July-August 2020 Church & State Magazine - July/August 2020

Discrimination Denied! Supreme Court Says Landmark Civil Rights Law Protects LGBTQ Americans

  Rob Boston

The U.S. Supreme Court June 15 handed down a major ruling on LGBTQ rights – and it wasn’t what a lot of people were expecting.

Ruling 6-3, the court held that Title VII of the landmark 1964 Civil Rights Act, which bars employment discrimination on the basis of race, religion, national origin and sex, incudes members of the LGBTQ community.

Rebuffing the anti-LGBTQ views held by the Trump administration, Justice Neil M. Gorsuch wrote, “To­day, we must decide whether an employer can fire someone simply for being homosexual or transgender. The answer is clear. An employer who fires an individual for being homosexual or transgender fires that person for traits or actions it would not have questioned in members of a different sex. Sex plays a necessary and undisguisable role in the decision, exactly what [the law] forbids.”

Gorsuch was joined in the opinion by Chief Justice John G. Roberts and Justices Ruth Bader Ginsburg, Steph­en G. Breyer, Sonia Sotomayor and Elena Kagan.

The ruling in Bostock v. Clayton County consolidated several cases brought by Aimee Stephens, Don Zarda and Gerald Bostock, who were fired from their jobs because they were gay or transgender.

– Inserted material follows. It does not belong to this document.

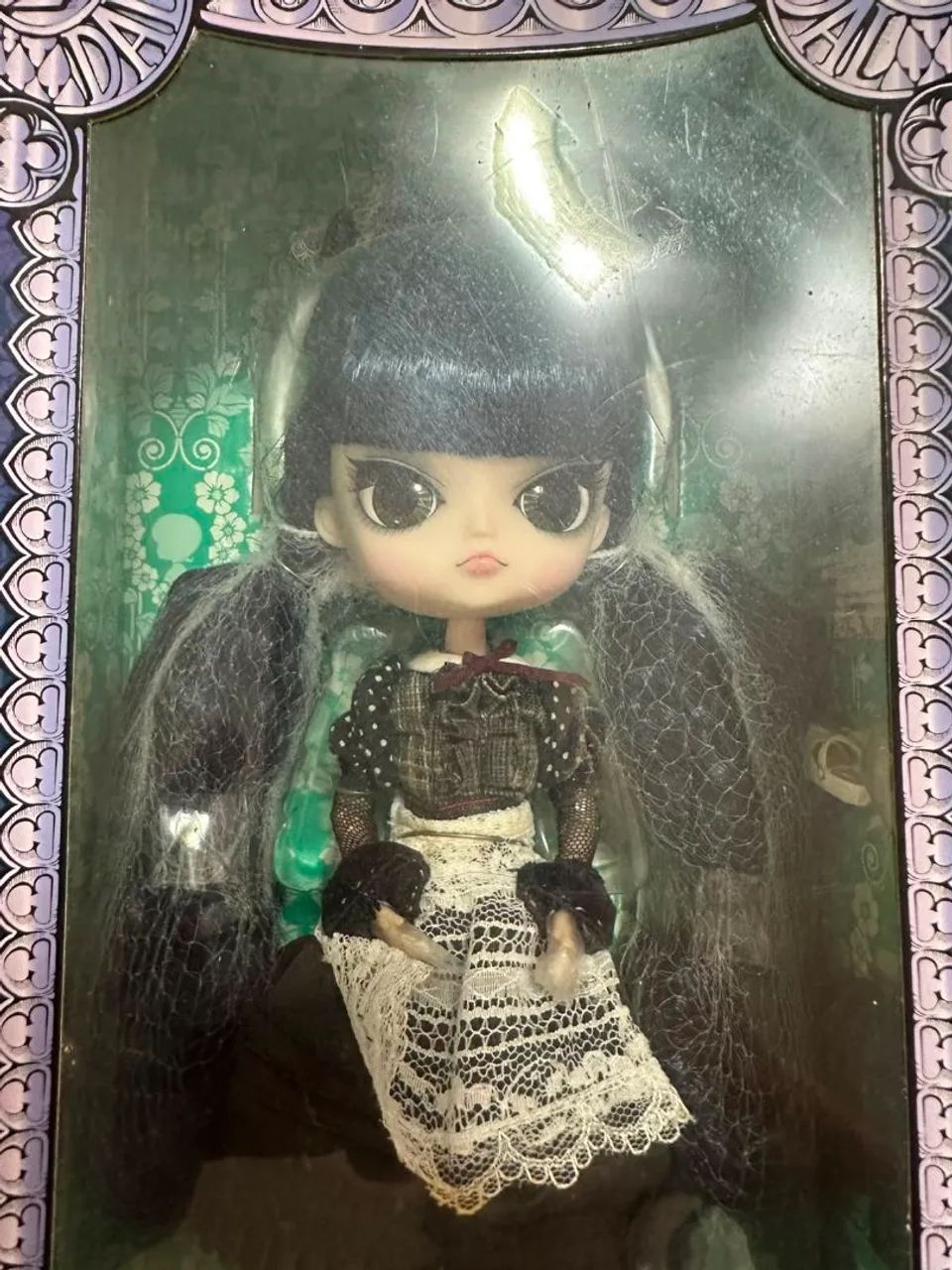 Boneca Dal Lunatic Alice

The cases touched on religious issues, but they were not directly raised before the high court. Stephens, a transgender woman in Michigan, was terminated from her position at a funeral home because she wanted to present at work as the woman she was, but her boss said her identity was in conflict with his religious beliefs. (Stephens and Zarda did not live to see the ruling come down. Stephens died May 12, and Zarda passed away in 2014.)

The court held that the question of whether a religious boss can fire an LGBTQ person would have to wait for another day.

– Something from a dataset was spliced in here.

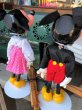 画像11: 70s Vintage Disney Pelham Puppet MIckey and Minnie Mouse Set (B451)  (11)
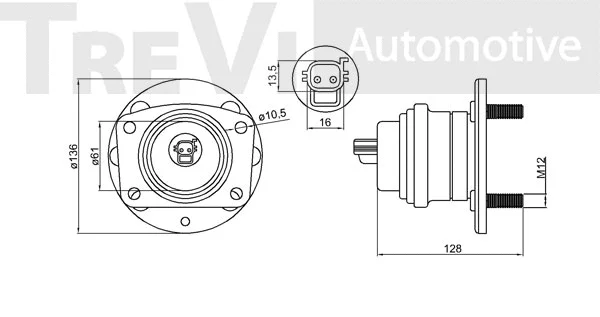 Wheel Bearing Kit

Gorsuch wrote the court is “deeply concerned with preserving the promise of the free exercise of religion enshrined in our Constitution; that guarantee lies at the heart of our pluralistic society.” But he went on to add that such deliberations “are questions for future cases. …”

In an angry dissent. Justices Sam­uel A. Alito and Clarence M. Thomas accused the majority of legislating from the bench. The two asserted that neither “‘sexual orientation’ nor ‘gender identity’ appears on that list” of groups protected by the Civil Rights Act.

Justice Brett Kavanaugh wrote a separate dissent. Kavanaugh said he does not believe the 1964 law includes LGBTQ Americans, but he saluted members of that community for their “extraordinary vision, tenacity, and grit” in fighting for their rights.

Christian nationalist groups were predictably angry. Russell Moore, president of the Ethics & Religious Liberty Commission of the Southern Baptist Convention, issued a statement asserting that the ruling will have “seismic implications for religious liberty, setting off potentially years of lawsuits and court struggles, about what this means, for example, for religious organizations with religious convictions about the meaning of sex and sexuality.”

Americans United, however, welcomed the decision.

 “This Supreme Court decision is a landmark victory for LGBTQ people that affirms they have employment protections that allow them to live as their true selves,” said Rachel Laser, AU president and CEO, in a statement. “We owe a deep debt of gratitude to Aimee Stephens, Don Zarda and Gerald Bostock for their brave fight to secure these rights for the entire LGBTQ community.”